What they found was an entrenched duopoly like Coke and Pepsi, whose major focus was erecting barriers to new entrants. They pointed to the “sore loser rule.” That rule prohibits a candidate that lost their party’s primary election from running in the general election as an independent. It is reminiscent of some banana republic where the ruling party remains in power because all the opposition candidates were disqualified. Remarkably, this is the law in 44 states, apparently achieving strong bi-partisan support from politicians almost everywhere. (You may recall the Connecticut – Lieberman exception).
This is why, in the vast majority of congressional districts, winning the primary is all that matters.
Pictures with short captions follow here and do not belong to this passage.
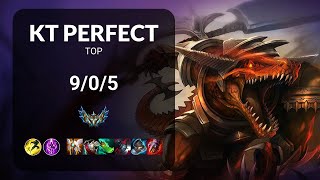 KT PerfecT Renekton vs Jax TOP  KR CHALLENGER Patch 1417 [upl. by Radec755]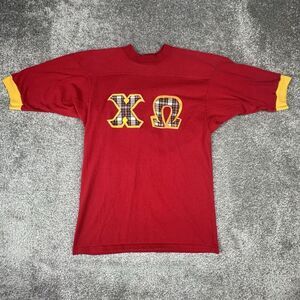 Signature Sportswear Fraternity T-Shirt Mens Small Regular Red Y2K Made in USA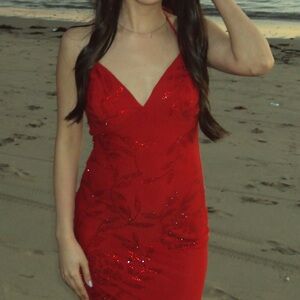 Windsor sexy Red Sequin Dress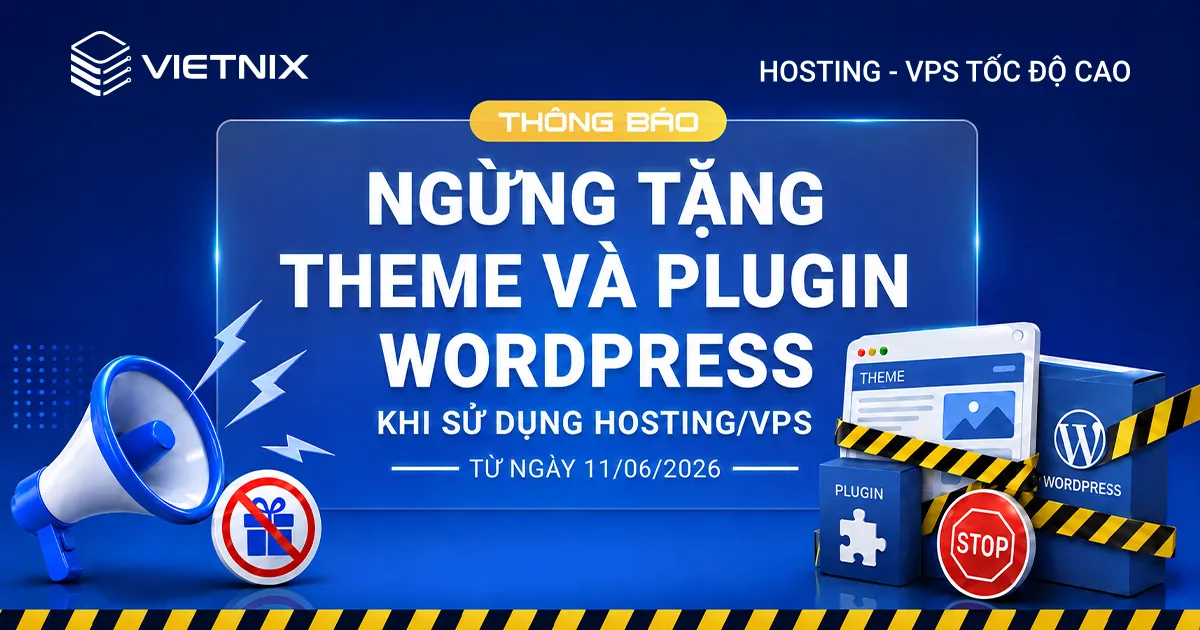 Ngừng tặng theme và plugin WordPress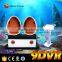 Hottest Shopping Mall Use Funny Game Vr Egg 3 Seats Cinema 9d vr 360 Degree cinema Simulator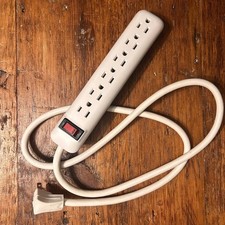 Power Strip with Surge Protection - White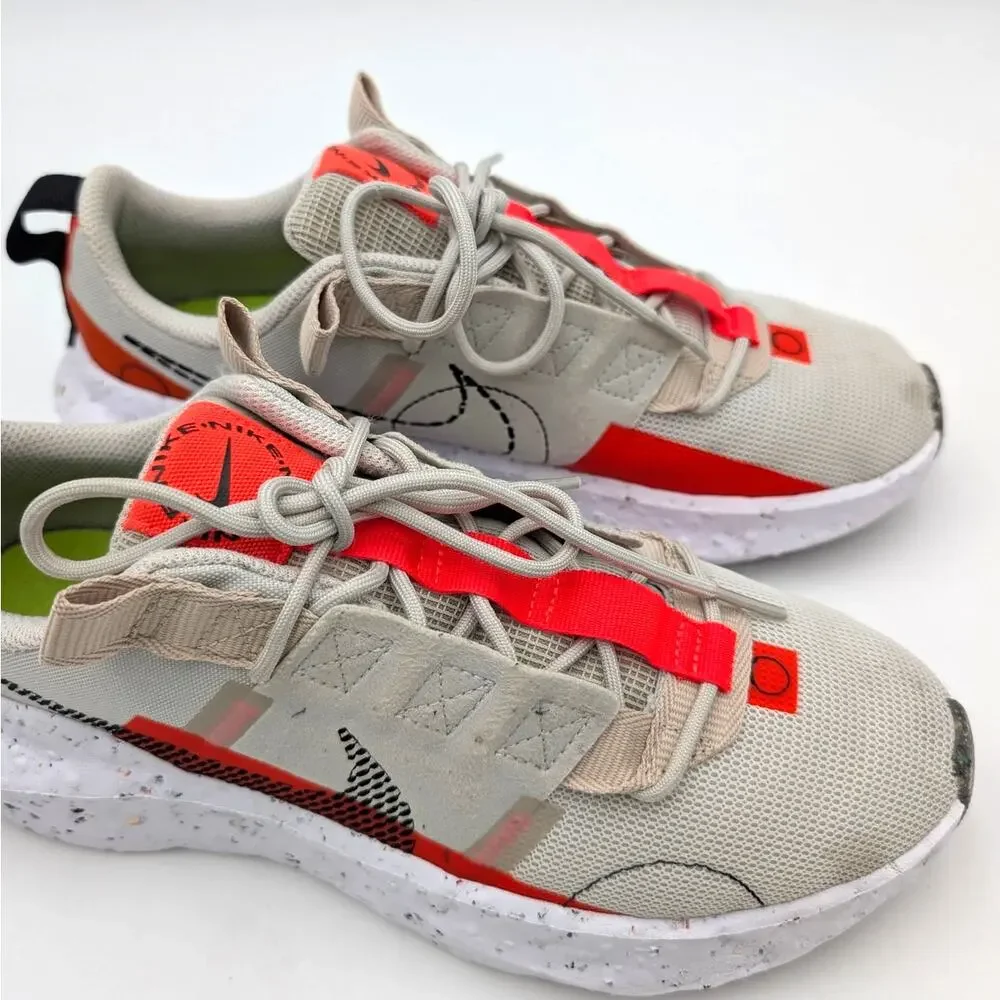 Nike Crater Impact Running Shoes Women's Light Bone/Bright Crimson Sz US9.5 EU41 - Picture 11 of 14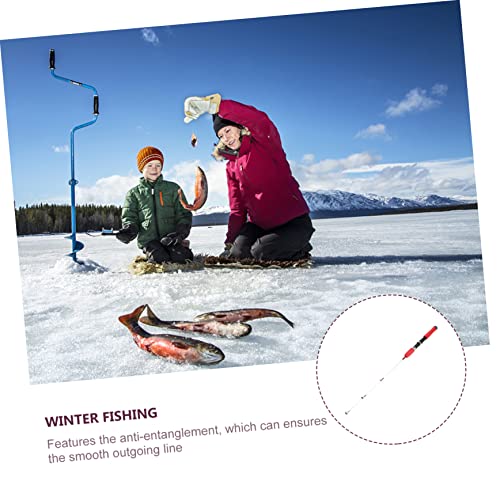 Balacoo 1pc Ice Fishing Rod Ice Fishing Pole Shrimp Fishing Pole Lure Fishing Pole Outdoor Fishing Rod Resin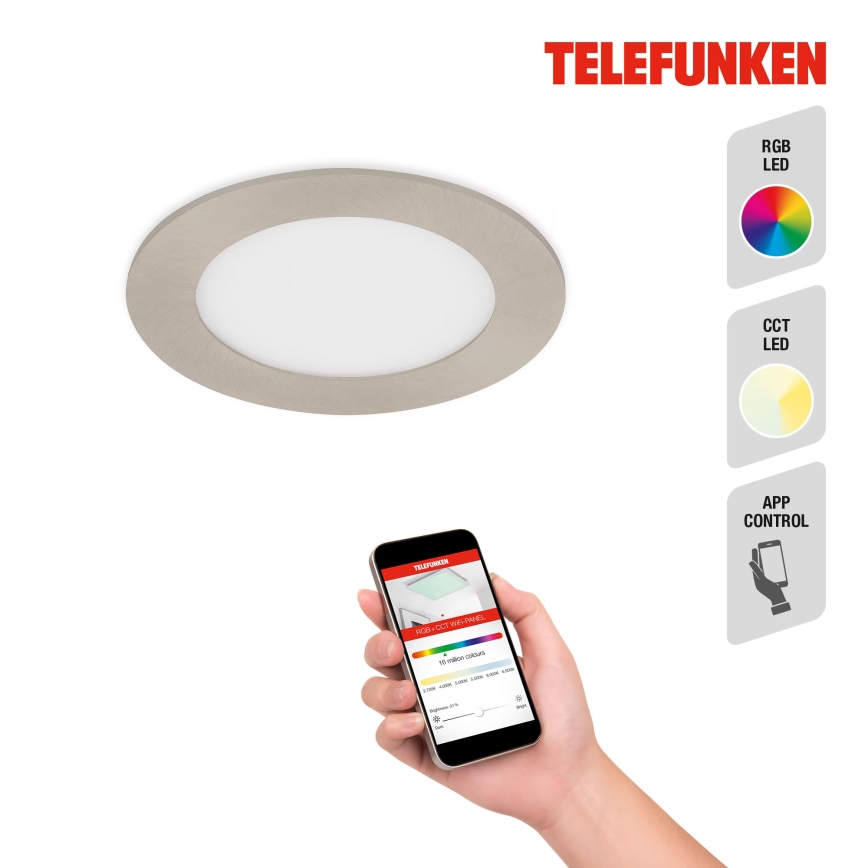 Telefunken 309302TF - LED RGBW Hämardatav süvistatav valgusti vannituppa LED/6W/230V 2700-6500K IP23 Wi-Fi Tuya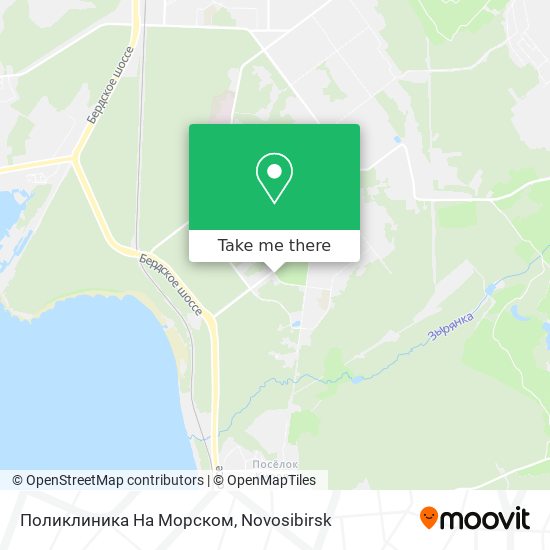 Поликлиника На Морском map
Here is a more current example of those barriers to competition. Newly minted congresswoman, Alexandra Ocasio-Cortez, is threatening to “primary” democratic congressmen who vote with the Republicans on any issue. To protect their incumbents, the Democratic Congressional Campaign Committee (DCCC) says they will blacklist and boycott any firm that does work for any primary challenger. Imagine if Amazon told suppliers that they would not sell any product that was also available at Walmart.com.
There should be a law!
Well, actually there are laws, just not for the Political Industry.
Unlike the private sector, there is no prohibition against restraint of trade in politics. The Federal Election Commission is controlled by the duopoly with 3 commissioners from each party. Generally, they enact rules about campaign financing that mostly restrict independents. For example, I can contribute $101,700 to the national Democratic Party campaign committees but only $2,700 to an independent campaign committee.
Clearly, the duopoly does not need to consider the vast majority of customers (voters). They only need to cater to the voters that will decide the primary election. Ocasio-Cortez is a perfect example of this phenomenon. In a district with 235,745 registered democrats, she won the primary and hence the general election with only 15,897, votes or 6.7% of the total. That is pretty close to a three-sigma win.
Politicians do not focus on solutions to our key issues because they need those issues to “energize the base” for their next primary campaign. (See “fear” above) Immigration is a classic example where both parties see it as a winning issue for their base. Meanwhile, if you randomly selected 20 Americans from across the country they would likely come up with a reasonable immigration solution in a few hours.
It is no surprise that Porter and Gehl determined that the share of salient issues deadlocked in congress has risen to 74% from 26% in the last eighty years.
But aren’t national elections different? Yes they are. The nominees, however, are a product of the same partisan primary process. How many times in the last few cycles have you voted for the “lesser of two evils” for president?
Porter and Gehl have several recommendations to disrupt the duopoly. Their key idea is a non-party primary with the top four candidates going on to a general election where ranked-choice voting will produce an instant run-off in the event no candidate wins an absolute majority.
Imagine how the 2016, campaign might have been different if the candidates needed to consider who the Gary Johnson and Jill Stein voters would select as their second pick? In an election like 2016, where no candidate won a majority of the popular vote nationally, the instant run-off would have decided the outcome in 13 states accounting for 127 electoral votes.
With 47% of the electors up for grabs in an instant run-off, the campaigns and even the nominees might have been very different.